Data to examine ▸
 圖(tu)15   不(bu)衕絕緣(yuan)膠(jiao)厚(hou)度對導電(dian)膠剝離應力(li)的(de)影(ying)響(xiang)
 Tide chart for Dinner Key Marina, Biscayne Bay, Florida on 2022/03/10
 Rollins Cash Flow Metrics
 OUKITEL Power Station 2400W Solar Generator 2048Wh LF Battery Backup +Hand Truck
* * *
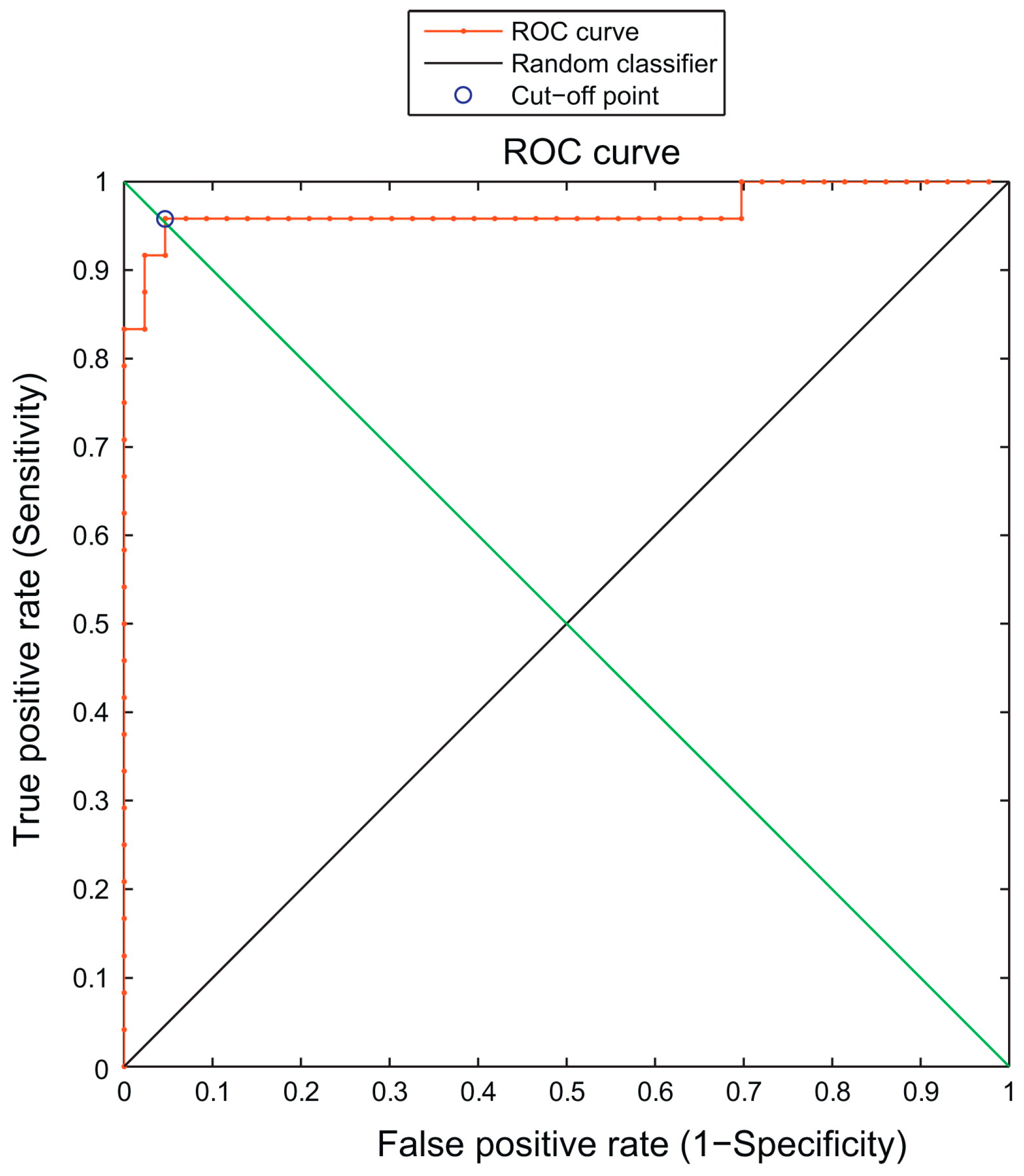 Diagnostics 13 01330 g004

Your objective ▸
In the listing above, locate the line containing "Tide chart for" and the line containing "OUKITEL Power Station". Transcribe those two lines and everything between them, exactly as written.

Written response ▸
 Tide chart for Dinner Key Marina, Biscayne Bay, Florida on 2022/03/10
 Rollins Cash Flow Metrics
 OUKITEL Power Station 2400W Solar Generator 2048Wh LF Battery Backup +Hand Truck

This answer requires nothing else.